Cześć. W sumie to przypuszczałyśmy, że do tego dojdzie prędzej czy później... Nie mamy już siły i cierpliwości. Napisanie rozdziału nie jest rzeczą łatwą. Mi obrobienie, napisanie PROLOGU zajęło około 1,5 godziny. Zauważcie, jakiej długości są rodziały w porównaniu do niego. Dla nas jest to ogromna przyjemność, ale kiedy wchodzimy na bloga i widzimy godzinę po dodaniu rozdziału 40,50 wyświetleń pod nim, a 2,3 komentarze to naprawdę mamy ochotę rzucić to w cholerę. Jest gartka osób, które są naszymi stałymi czytelnikami i komentują KAŻDY rozdział... Praginiemy im ogromnie podziękować, bo pewnie gdyby nie one to liczba komentarzy wynosiłaby 0. To jest bardzo przykre, bo czujemy, że po prostu nikt nie docenia naszej pracy. Wyobraźcie sobie, że przygotowujecie się do sprawdzianu tydzień, umiecie wszystko, przychodzicie go odebrać wraz z oceną, a na kartce widzicie 1. Widzisz jakie to uczucie? Coś takiego czujemy za każdym razem, kiedy patrzymy na liczbę komentarzy. Nie jest to miłe.

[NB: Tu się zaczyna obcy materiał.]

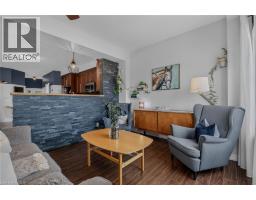 174 WOODWAY Trail - 15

Jaka jest nasza decyzja? Jeżeli sprawa nie przyjmie innego obrotu, bloga zamykamy i zwijamy to wszystko. Alarmowałyśmy już wiele razy i jedyne co, to stworzyło się błędne koło:
Rozdział --> Mało komentarzy --> Nasza apelacja --> Rozdział --> Dużo komentarzy --> Rozdział --> Rozdział --> Mało komentarzy...
I TAK W KÓŁKO.
Zobaczymy jak sprawa będzie się miała po paru rozdziałach. Jeżeli bez zmian, to tak jak już mówiłam... koniec. Nie chodzi nam o to, żebyście pisali komentarze długości rozdziału, ale nawet słowo super wystaczy.